After repeating the line containing "USA-made 6S Black-Light", stop; until then, repeat each line of the listing below exactly, starting with the first.
------------------------------------
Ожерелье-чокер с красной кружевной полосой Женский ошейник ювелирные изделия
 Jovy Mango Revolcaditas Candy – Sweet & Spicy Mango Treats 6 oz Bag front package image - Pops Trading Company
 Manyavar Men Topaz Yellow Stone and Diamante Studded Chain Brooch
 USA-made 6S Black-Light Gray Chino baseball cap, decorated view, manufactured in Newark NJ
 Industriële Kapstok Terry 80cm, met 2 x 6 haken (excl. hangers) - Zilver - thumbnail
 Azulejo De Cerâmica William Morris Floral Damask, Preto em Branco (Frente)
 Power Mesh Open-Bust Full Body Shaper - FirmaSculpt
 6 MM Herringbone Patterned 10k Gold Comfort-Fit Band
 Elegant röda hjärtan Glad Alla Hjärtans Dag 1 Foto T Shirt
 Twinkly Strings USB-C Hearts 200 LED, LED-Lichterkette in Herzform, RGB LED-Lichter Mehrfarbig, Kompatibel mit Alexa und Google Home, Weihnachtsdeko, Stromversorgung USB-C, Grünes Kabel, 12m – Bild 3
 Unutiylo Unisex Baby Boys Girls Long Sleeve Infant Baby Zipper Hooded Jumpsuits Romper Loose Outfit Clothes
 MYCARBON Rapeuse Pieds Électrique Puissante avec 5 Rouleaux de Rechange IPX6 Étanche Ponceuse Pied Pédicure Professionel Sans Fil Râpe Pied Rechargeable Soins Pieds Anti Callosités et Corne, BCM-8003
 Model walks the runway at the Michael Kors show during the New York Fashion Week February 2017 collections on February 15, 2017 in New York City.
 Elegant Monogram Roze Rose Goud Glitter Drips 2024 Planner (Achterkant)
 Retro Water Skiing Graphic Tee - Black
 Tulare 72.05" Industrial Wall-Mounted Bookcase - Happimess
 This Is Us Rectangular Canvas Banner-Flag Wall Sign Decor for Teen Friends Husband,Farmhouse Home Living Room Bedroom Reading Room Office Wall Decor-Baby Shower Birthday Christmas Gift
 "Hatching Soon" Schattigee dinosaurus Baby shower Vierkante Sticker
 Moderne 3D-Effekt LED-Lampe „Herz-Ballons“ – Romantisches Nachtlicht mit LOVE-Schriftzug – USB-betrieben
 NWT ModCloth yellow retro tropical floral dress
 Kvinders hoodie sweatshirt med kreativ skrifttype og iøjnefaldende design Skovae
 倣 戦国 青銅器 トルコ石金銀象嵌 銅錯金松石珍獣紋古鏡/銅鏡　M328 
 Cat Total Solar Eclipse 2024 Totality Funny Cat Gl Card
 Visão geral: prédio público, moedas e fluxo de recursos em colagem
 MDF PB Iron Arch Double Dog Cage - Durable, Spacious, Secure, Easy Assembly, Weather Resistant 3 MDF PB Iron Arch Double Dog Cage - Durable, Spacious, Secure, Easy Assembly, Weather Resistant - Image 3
------------------------------------
RESULT OF THIS TASK.
Ожерелье-чокер с красной кружевной полосой Женский ошейник ювелирные изделия
 Jovy Mango Revolcaditas Candy – Sweet & Spicy Mango Treats 6 oz Bag front package image - Pops Trading Company
 Manyavar Men Topaz Yellow Stone and Diamante Studded Chain Brooch
 USA-made 6S Black-Light Gray Chino baseball cap, decorated view, manufactured in Newark NJ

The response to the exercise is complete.